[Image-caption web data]
┏━━

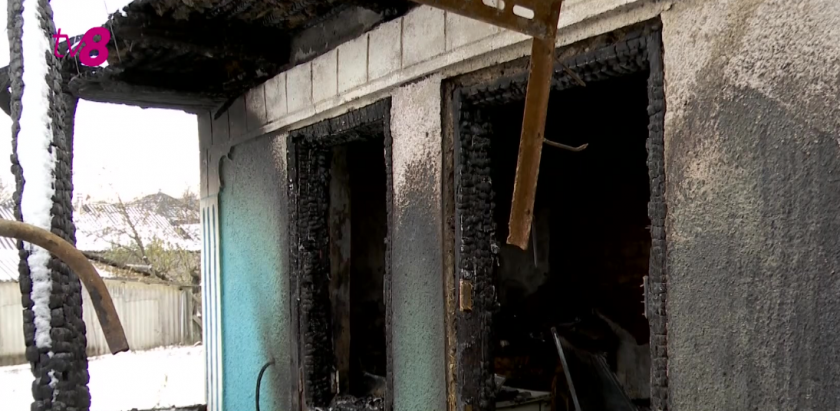 /ВИДЕО/ Трагедия в Теленештах: после сильного пожара пятеро детей остались без крыши над головой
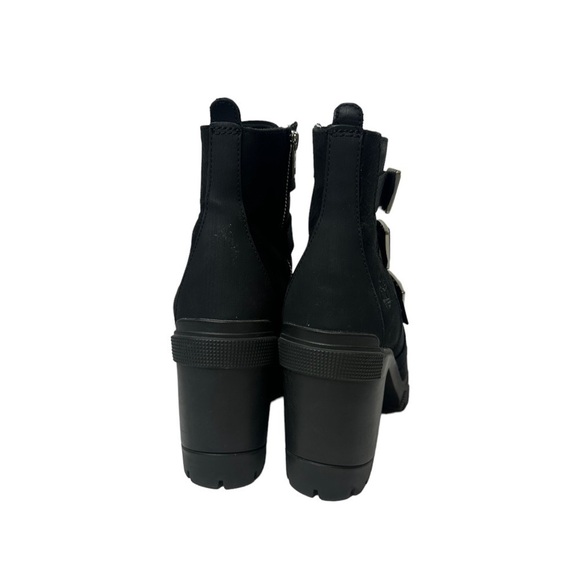 Timberland Black Heeled Boots with Buckles - Picture 2 of 9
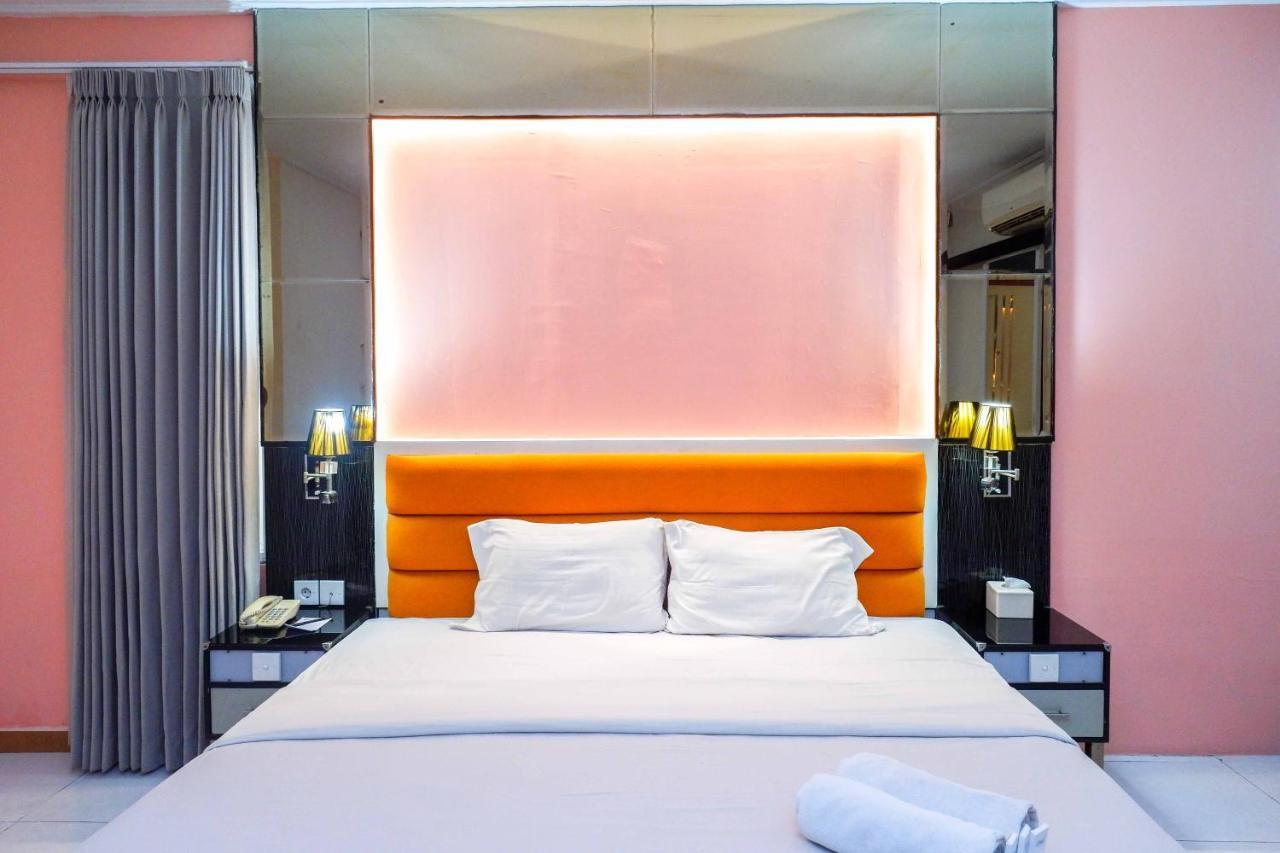 Sans Hotel International Surabaya Gubeng Esterno foto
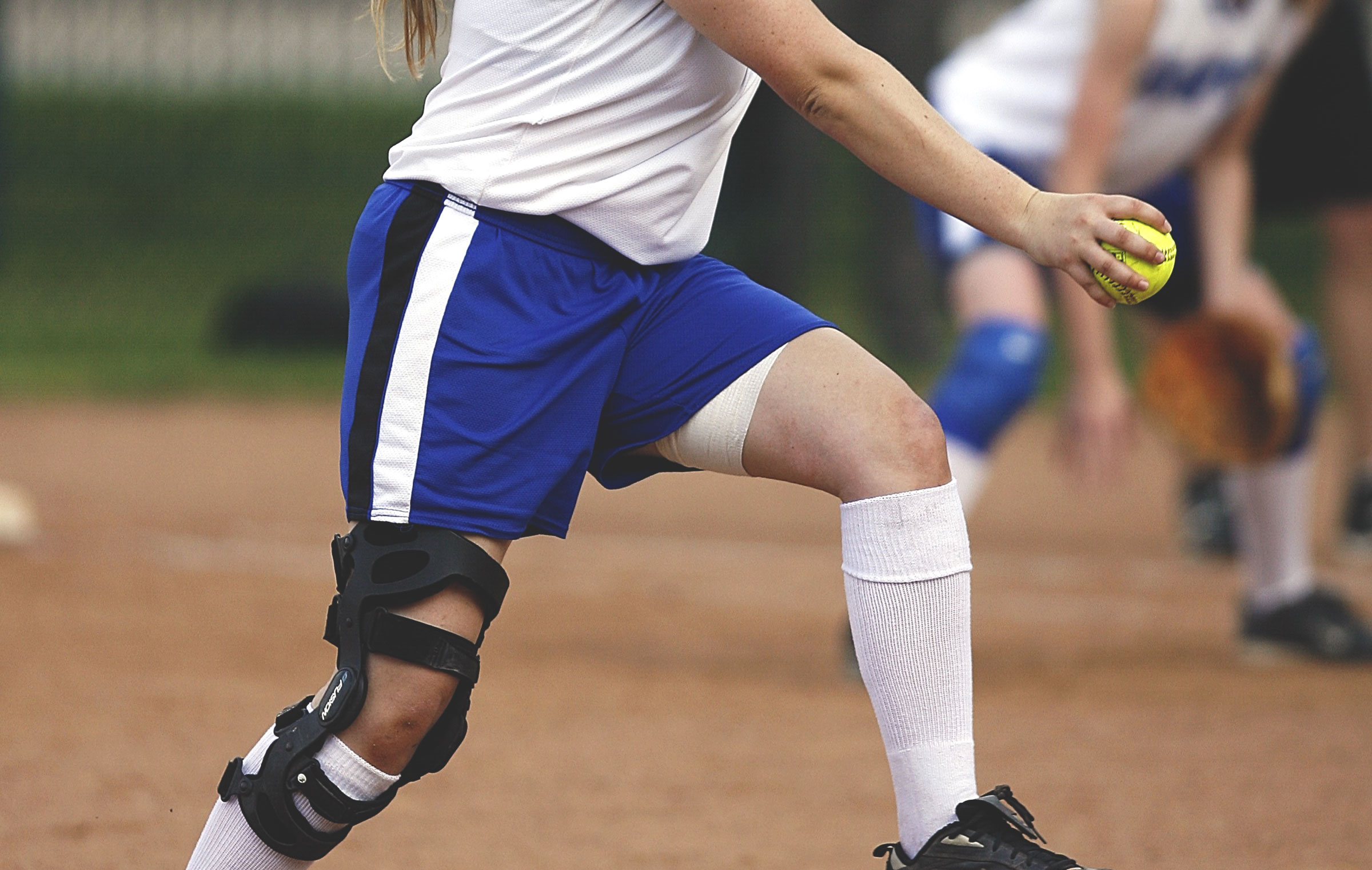 Why Your Daughter is More at Risk for an ACL Tear Than Your Son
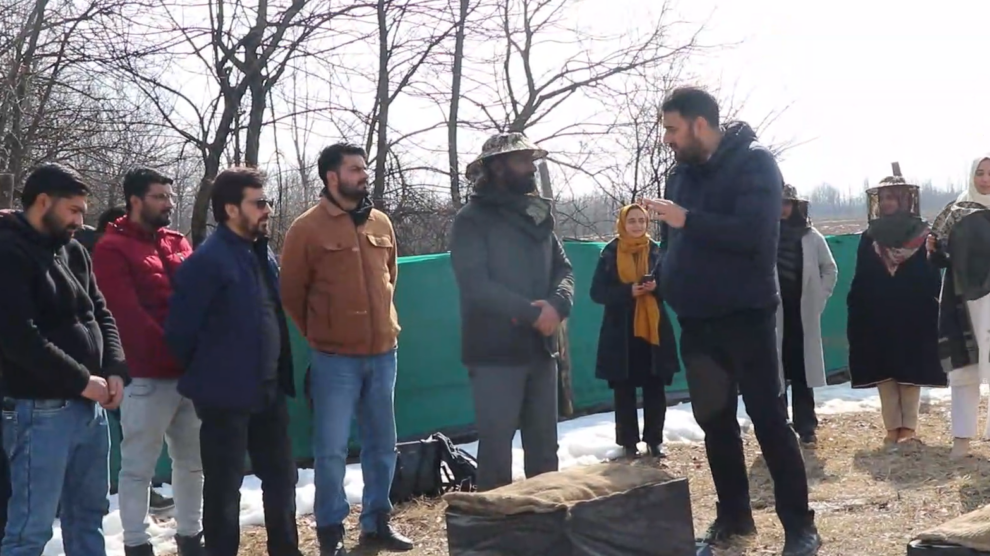 Big Win for Honey Farmers: Winter Bee Keeping Succeeds in Pulwama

┗━━

[What you are asked to do]
An exact reprint of the records above is required, with all pictures left out.

[Output for this task]
 /ВИДЕО/ Трагедия в Теленештах: после сильного пожара пятеро детей остались без крыши над головой
 Timberland Black Heeled Boots with Buckles - Picture 2 of 9
 Sans Hotel International Surabaya Gubeng Esterno foto
 Why Your Daughter is More at Risk for an ACL Tear Than Your Son
 Big Win for Honey Farmers: Winter Bee Keeping Succeeds in Pulwama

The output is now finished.